Information supplied:

# # #

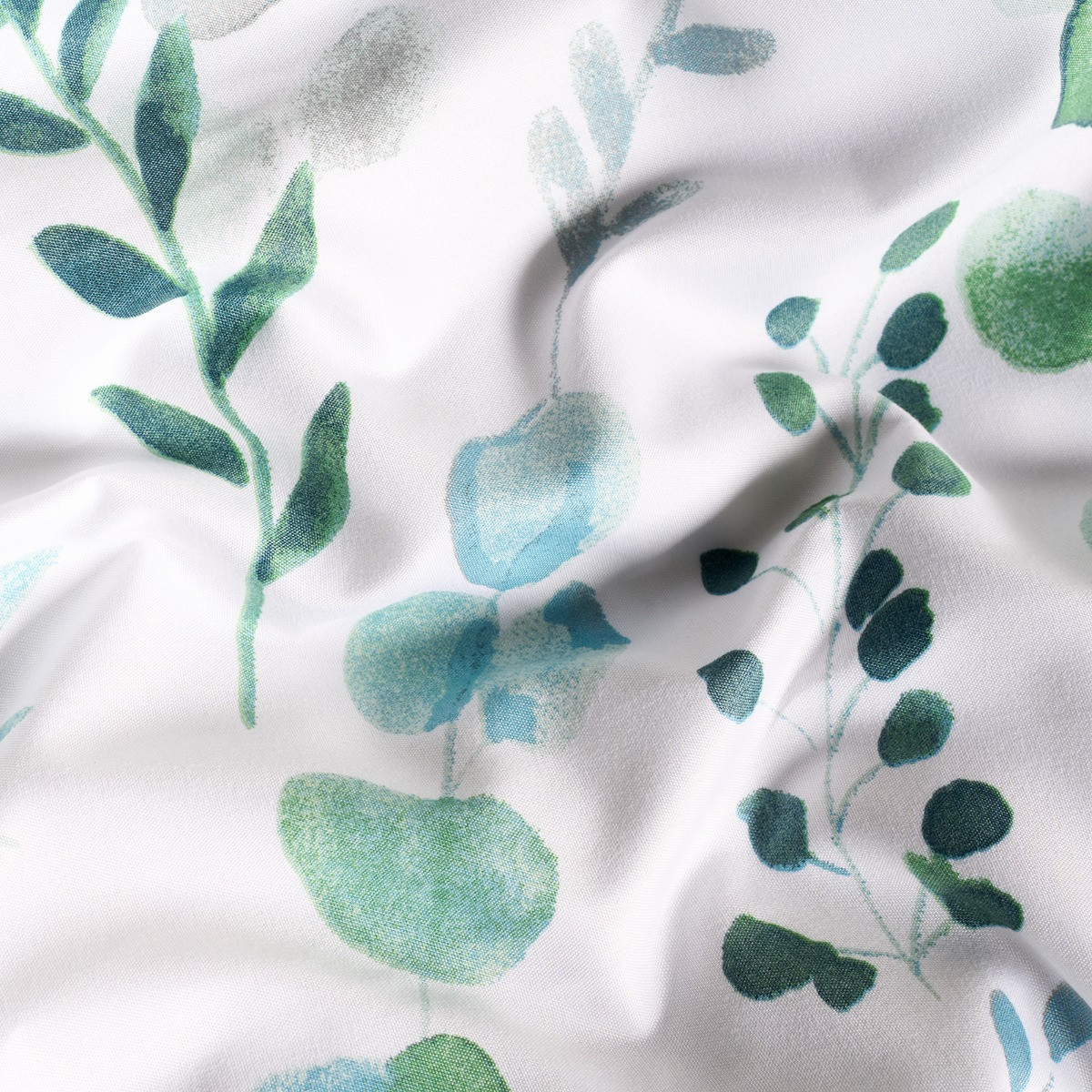 OHS Watercolour Floral Duvet Set, Green - Double>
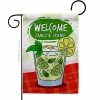 Angeleno Heritage MADE AND DESIGNED LOS ANGELES CALIFORNIA 13 in. x 18.5 in. Cool Mojito with Friends Beverages Double-Sided Garden Flag Beverages Decorative Vertical Flags
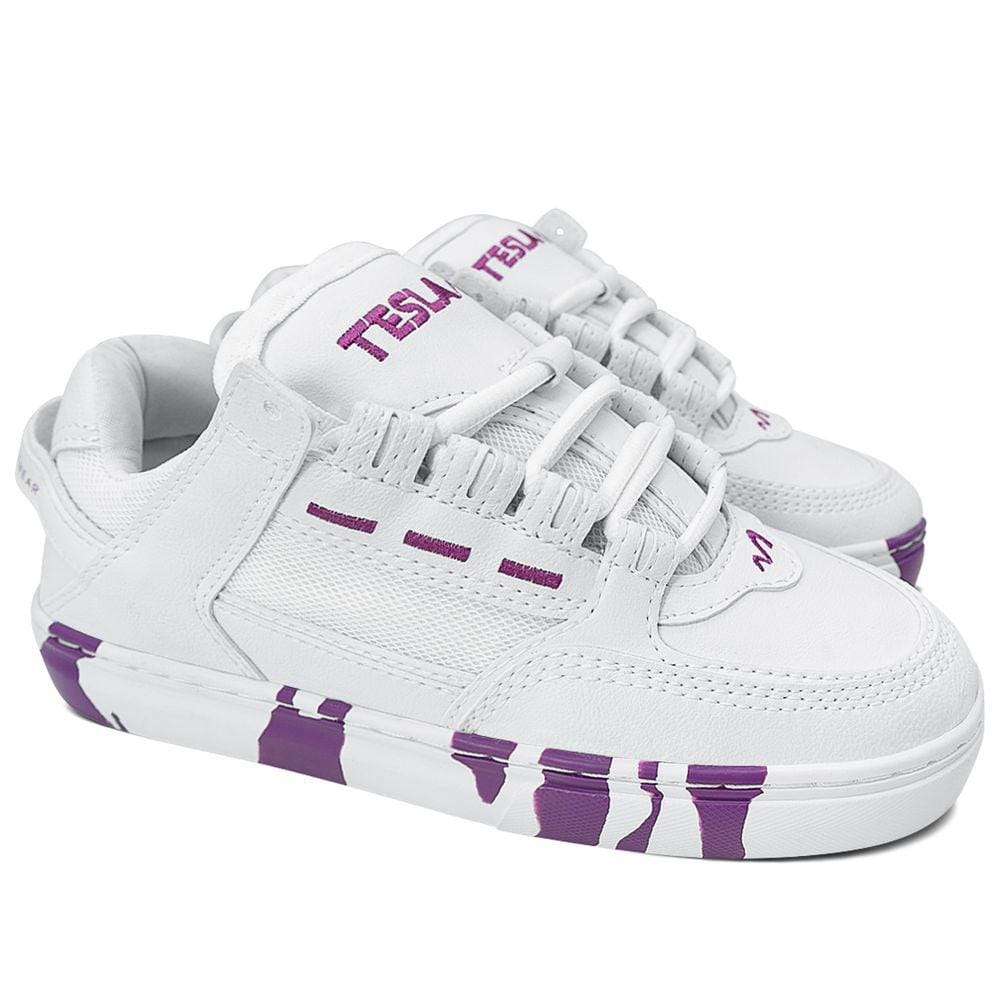 Tênis Tesla Coil White Purple Mesclado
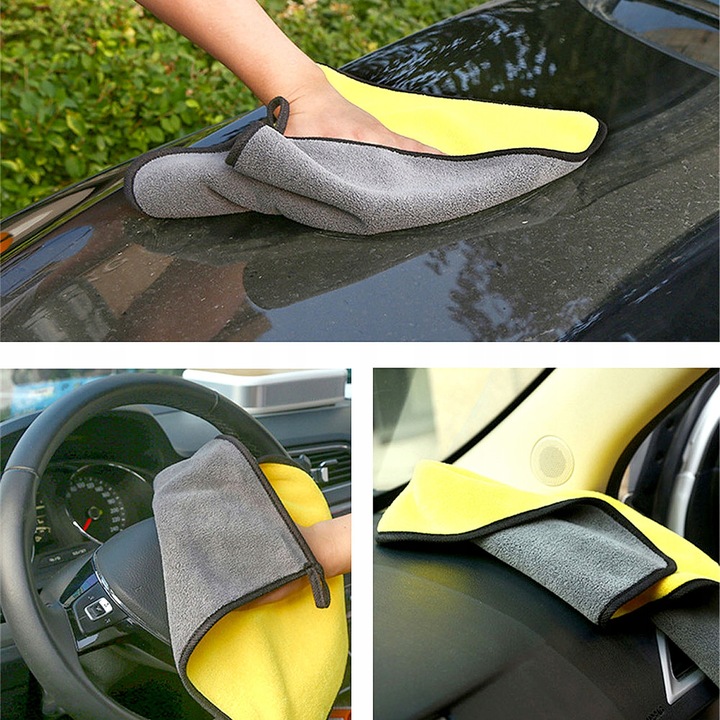 PUSZYSTY RĘCZNIK 30x30 DO OSUSZANIA MIKROFIBRA 80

# # #

Return the listing above in an exact copy that leaves out the images.

 OHS Watercolour Floral Duvet Set, Green - Double>
 Angeleno Heritage MADE AND DESIGNED LOS ANGELES CALIFORNIA 13 in. x 18.5 in. Cool Mojito with Friends Beverages Double-Sided Garden Flag Beverages Decorative Vertical Flags
 Tênis Tesla Coil White Purple Mesclado
 PUSZYSTY RĘCZNIK 30x30 DO OSUSZANIA MIKROFIBRA 80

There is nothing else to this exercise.